I’m not quite sure what happened in my life to stop me from asking people their opinion or advice, there must be some reason I hold myself back but I’m unsure of it at present. This is an issue though, and God knows it.
He often uses my 6 year old to speak to me, He knows my ears will prick up when he speaks. A few days ago I was debating an issue with God, I’d prayed about it and was conversing with the Holy Spirit in my mind, the boys were sat on my bed watching TV when my eldest suddenly pipes up with ‘let it go!’ I knew that it was God speaking through him to me about the issue I’d asked Him about!

Without asking questions I won’t learn, I can ask God but He also wants me to seek advice from Godly mentors too, if not He wouldn’t of put them there, I can see by remaining quiet and fearful not only am I holding myself back I’m also holding on to pride, the fear of sounding stupid or asking a silly question is there because I don’t want to make myself look stupid.

This scripture also tells us that we can make our own plans, but the lords purpose will prevail. This tells me that I can take advice, I can seek counsel from the Holy Spirit and try to decipher what He means, but ultimately if I get it wrong He will make sure what He meant WILL be revealed.

After hearing a sermon last year about using our natural gifting for the His glory I decided I would start planning lots of fundraising events for the church. I was so excited to get on and do things for Jesus I made a couple of early day mistakes. The first mistake I made was to not pray about it,  was this His will? The second was to not ask anyone else if they thought it would be a good idea, I ran in excitement to the leadership team and said “I’ve got all these plans to raise money and I’ve booked these dates!” Thinking back now I should have known not to go ahead by the look on my pastors face. You can guess what happened next! 

The first event came around and whatever could go wrong, did go wrong! The rain came lashing down, the roof started leaking, the electrics were at risk of blowing, people didn’t turn up, it was a complete shambles! Needless to say I had to repent for my hasty decision and cancel all other events until I had the go ahead from the bossman! Note to self, never, ever make a move without dilligently praying first.
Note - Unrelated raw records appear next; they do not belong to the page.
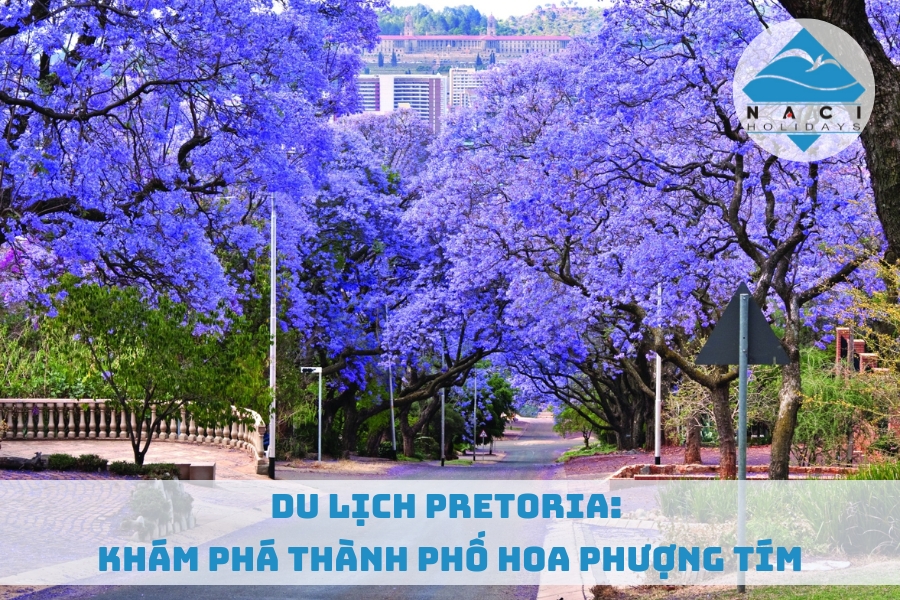 Du Lịch Pretoria: Khám Phá Thành Phố Hoa Phượng Tím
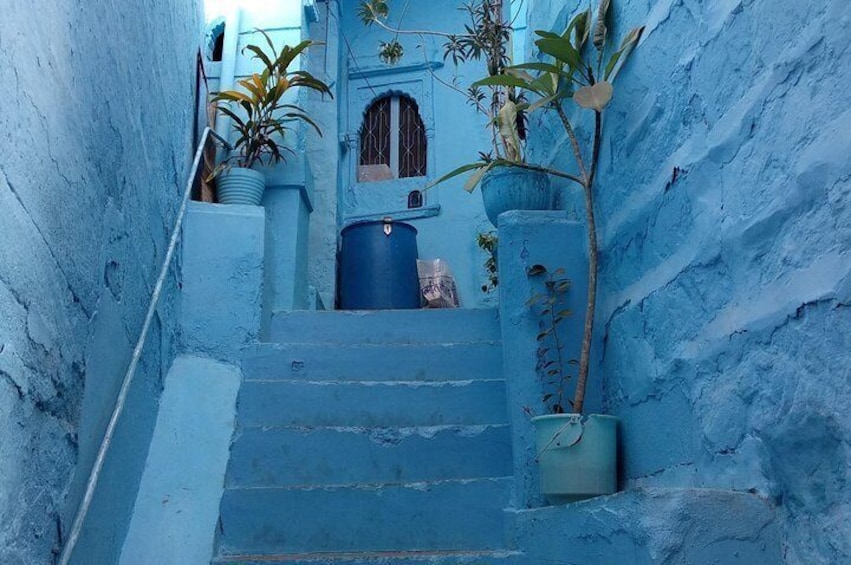 jodhpur blue City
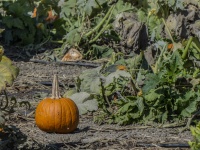 One Pumpkin In Field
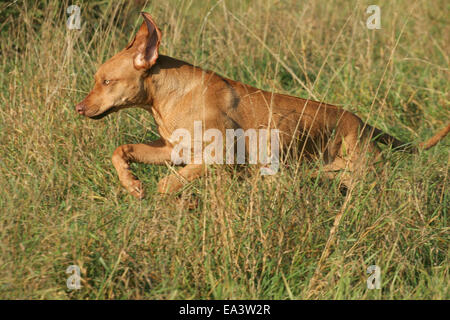 L'exécution de Rhodesian Ridgeback Banque D'Images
Have you ever noticed the pattern of gifts that are so eloquently sewn in to your nature? I find it fascinating. We are all made so unique, each with intricate detail, differences and personalities. I love to people watch and observe the giftings in others, I’m naturally an encouraging person so when I see a gift in someone I have to tell them. Sometimes I go a little over the top, but I just live in awe of the fabulous way God has made people. 
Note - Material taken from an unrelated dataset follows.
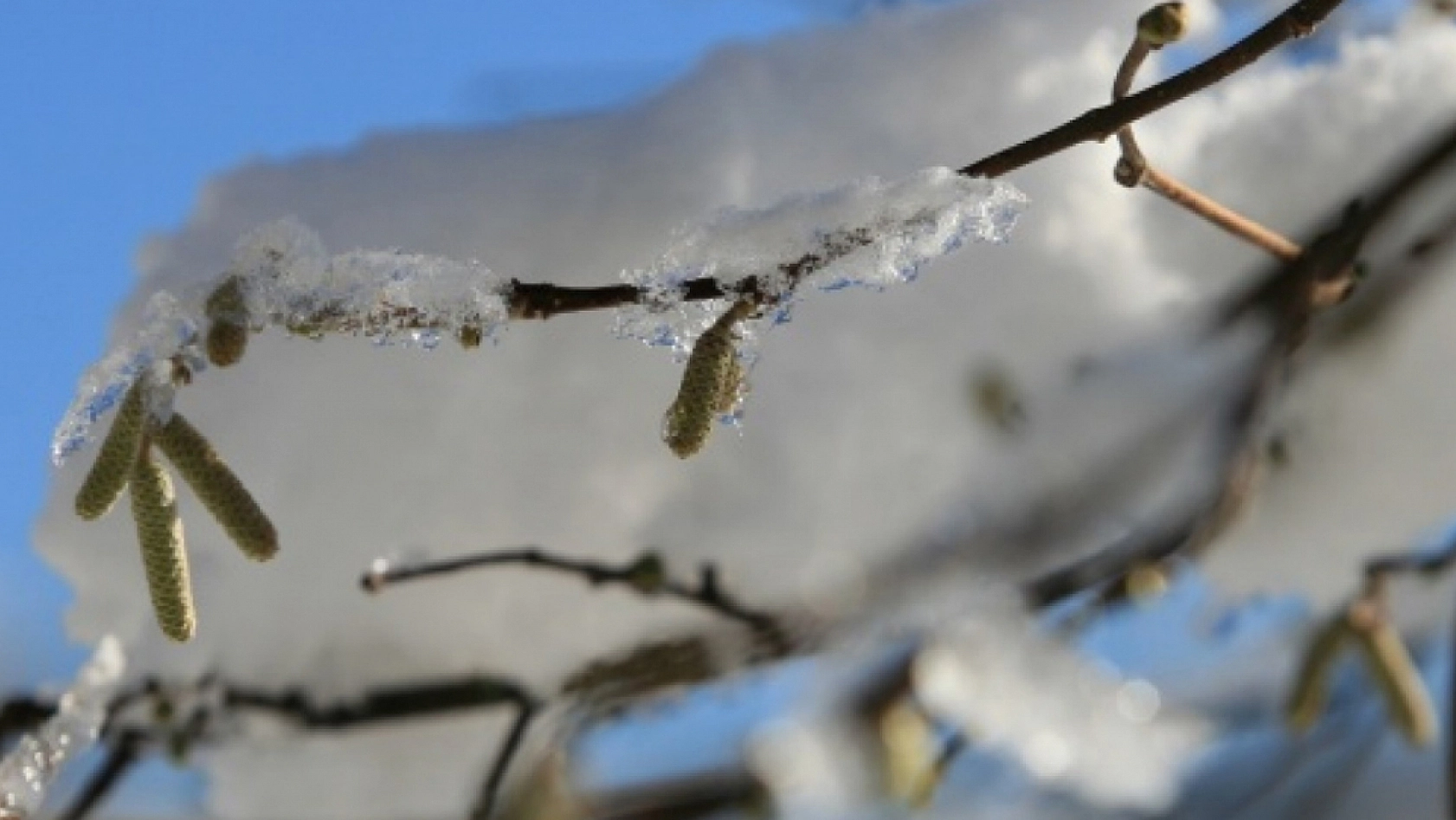 Meteoroloji'den Elazığ'a uyarı!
Occasionally this can be a problem, I can spend so much time looking at others and their gifts I start to feel a little envy growing inside of me, comparison can be a slippery slope and a foothold for the devil to work with.

When I was about 13, I spent most of my school holidays staying with my Grandma, I loved it there and I had a friend about my age that lived next door, we both had the same name, I loved to call on her and spend time round at her house, she was so pretty, so confident and had lots of friends at school. 

One summer that I spent time with her she revealed to me that she had started smoking, she asked if I did, desperately wanting to be just like her and accepted by her I said “yes!” We spent the holidays hiding at the top of the garden puffing away on vile fags, do you know I didn’t even like the taste! I’d even hang out of my bedroom window at Grandmas thinking they wouldn’t know, just to look super cool, I wasn’t, and I’m ashamed to say it took  22 years to break that stronghold on my life. Thankfully, Jesus saved me and I’ve been smoke free for just over 12 months.

In conclusion I take 3 things from this scripture that I’m working toward implementing in my life:

1.) Ask questions, be confident. There is no such thing as a stupid question, and if there is and you ask it, laugh! There is no fear in perfect love, Jesus wants us to approach Him like children, look at the questions they ask, I read somewhere they ask about 300 a day! Jesus wants us to gain knowledge and wisdom.

2.) Don’t rush in to things, Pray for purpose. We each have a set of unique gifts that God wants us to use but without prayer and knowing what He wants from us we will keep on falling down.

3.) Don’t compare myself to others, it’s fine to give praise for people’s gifts but getting hung up on their purpose in comparison to mine leaves an opportunity for the devil to catch me in a snare.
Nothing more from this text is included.